▸ **Activity**: How do the lines below between the ones holding "NLK06259 Acme 4" and "Pre-owned Emporio Armani", inclusive, read? Give them again exactly, with no other lines.

▸ **Working data**:
--- START ---

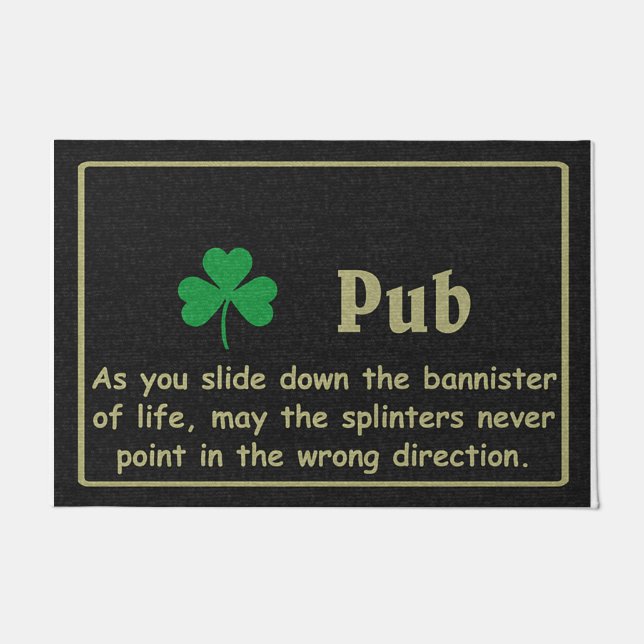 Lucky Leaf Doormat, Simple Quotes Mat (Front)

--- END ---
--- START ---

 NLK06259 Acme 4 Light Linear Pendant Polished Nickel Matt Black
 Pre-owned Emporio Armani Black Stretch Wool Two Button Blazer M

--- END ---

▸ **Response area**:
 NLK06259 Acme 4 Light Linear Pendant Polished Nickel Matt Black
 Pre-owned Emporio Armani Black Stretch Wool Two Button Blazer M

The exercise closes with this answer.